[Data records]
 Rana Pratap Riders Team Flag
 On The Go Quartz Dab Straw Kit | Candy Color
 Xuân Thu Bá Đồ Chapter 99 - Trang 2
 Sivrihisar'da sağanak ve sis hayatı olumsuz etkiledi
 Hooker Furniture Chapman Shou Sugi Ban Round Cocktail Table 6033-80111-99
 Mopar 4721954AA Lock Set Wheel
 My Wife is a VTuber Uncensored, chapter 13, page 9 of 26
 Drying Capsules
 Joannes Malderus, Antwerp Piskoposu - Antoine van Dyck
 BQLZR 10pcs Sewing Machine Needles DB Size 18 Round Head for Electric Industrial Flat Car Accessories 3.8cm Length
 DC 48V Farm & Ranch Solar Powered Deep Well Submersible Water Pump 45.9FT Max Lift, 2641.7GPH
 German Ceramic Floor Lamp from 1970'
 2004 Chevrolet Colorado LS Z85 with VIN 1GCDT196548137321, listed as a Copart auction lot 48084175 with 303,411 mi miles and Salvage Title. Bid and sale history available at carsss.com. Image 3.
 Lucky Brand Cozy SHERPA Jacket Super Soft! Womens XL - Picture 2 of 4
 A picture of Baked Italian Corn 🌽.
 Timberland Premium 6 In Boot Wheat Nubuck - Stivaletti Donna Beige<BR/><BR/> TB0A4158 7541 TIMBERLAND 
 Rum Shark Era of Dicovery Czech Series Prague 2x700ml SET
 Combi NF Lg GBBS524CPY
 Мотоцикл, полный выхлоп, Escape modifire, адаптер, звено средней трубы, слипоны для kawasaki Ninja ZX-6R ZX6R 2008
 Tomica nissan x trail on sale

> _Exercise requirements_: Wherever a line holds the word "sale", copy that line out of the entries above.

> _Exercise output_:
 2004 Chevrolet Colorado LS Z85 with VIN 1GCDT196548137321, listed as a Copart auction lot 48084175 with 303,411 mi miles and Salvage Title. Bid and sale history available at carsss.com. Image 3.
 Tomica nissan x trail on sale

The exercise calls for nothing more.